1.  Establishment, Functions and Operations

1.1  The Office of the Solicitor General is established under Section 10 of the Attorney General's Act 1989.  Its functions are spelt out under Section 13 of the Act and the Duty Statement. The Primary Function is to appear as advocate for the State in all claims by and against the State coming before the Courts in Papua New Guinea both within and outside. With regard to claims by and against the State, the procedures for making a claim against the State are outlined under Section 5 of the Claims By and Against the State Act 1996

1.2  The Office came into being on the 1st April 1992. On that date the Solicitor General assumed responsibility over all litigation work, which until then was the responsibility of the State Solicitor.

2.  Core Services

2.1    To appear as an Advocate of the State in all litigation matters coming before all levels of courts, tribunals and quasi-judicial bodies.

3.    Location of Office of the Solicitor General

3.1    Although there have been plans to open Branch Offices in Regional Centers, this has not been possible because of financial constraints.  The Regional Offices are now established in Mt Hagen, Wabag, Lae and Kokopo.

3.2    Officers travel to and from Port Moresby to do both District and National Court cases arising in other centers throughout the country.

4.    Staff and Office Structure/Establishment

4.1    The approved office establishment is a total of ninety (90) which includes the lawyers and support staff. The office is currently operating with only fifty-two (52) staff in total (both lawyers and support staff).
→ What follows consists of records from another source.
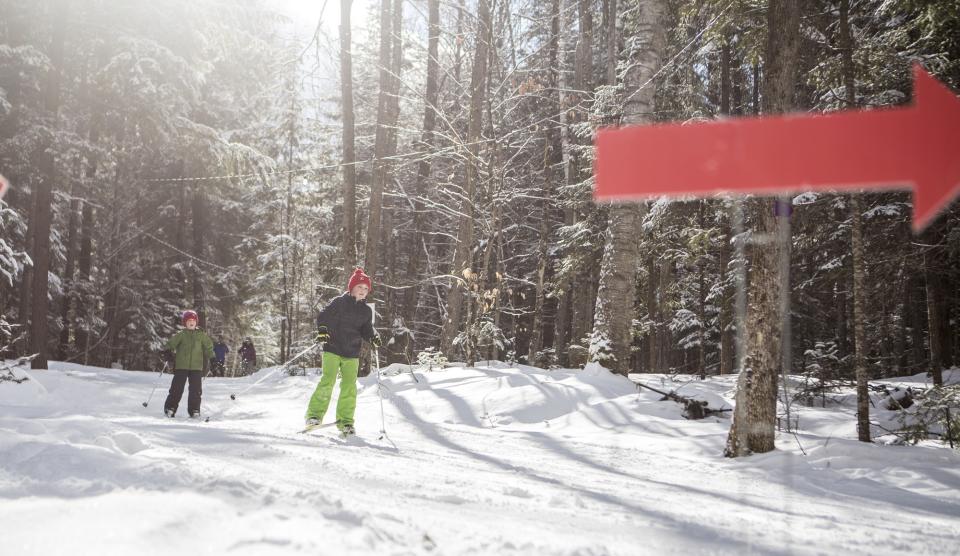Children cross-country ski on a snowy, sunny wooded trail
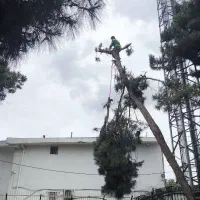 هرس درختان با ارتفاع بالا
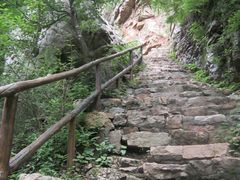 景点去往第二停车场，最后的山路-九龙潭景区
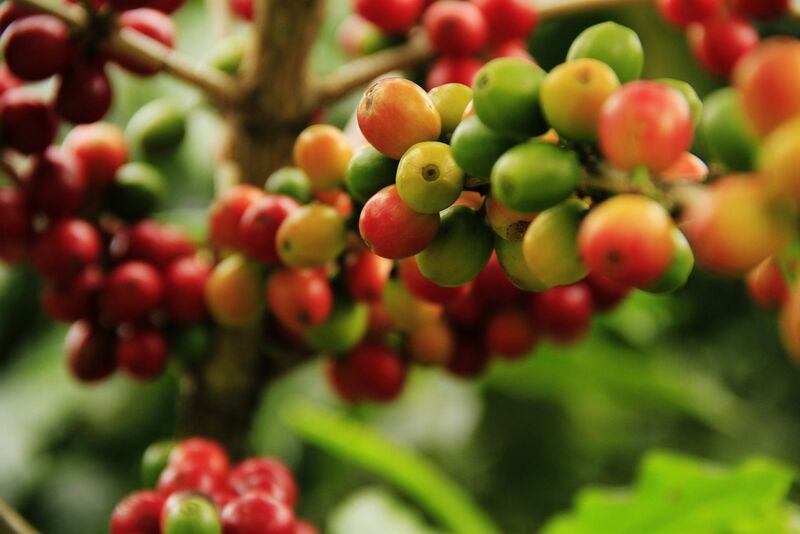 Robusta Coffee Prices Post a Record High on Scant Global Supplies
5.    Nature of work and office administration

5.1    In lines with its statutory functions the office of the Solicitor General is currently handling all claims by and against the State that are instituted in all jurisdictions of the Courts.

5.2    Such claims range from breach of contract, wrongful dismissal and personal injury, Judicial Review of administrative actions and decisions, Workers Compensation claims, motor vehicle recovery actions and other tortuous claims, and Constitutional challenges.

5.3    For purposes of improving efficiency and work standards, a computer file Register system has been created whereby all files are registered under separate file series depending on the type of claim. This means that all incoming and litigation files are registered before they are allocated to individual officers.

5.4    Individual officers have files given to them entered against them in the computer. At the end of each month a file review is conducted whereby each officer is required to report on the progress or status of each matter they have carriage of. The purpose of the review is three fold: -

(i)    To ascertain whether the officer is making progress towards completing the matter;

(ii)    To identify difficulties being encountered by each officer in handling the files allocated to them; and

(iii)    To provide a considered approach to an amicable solution to contentious issues.

5.5    So far the system appears to be working well although improvements are needed in various areas. The system will be reviewed from time to time.

6.    Accountabilities

6.1    Responsible in ensuring that the State and all its agencies are adequately represented in all litigation matters coming before all levels of courts, tribunals and other quasi-judicial and statutory bodies.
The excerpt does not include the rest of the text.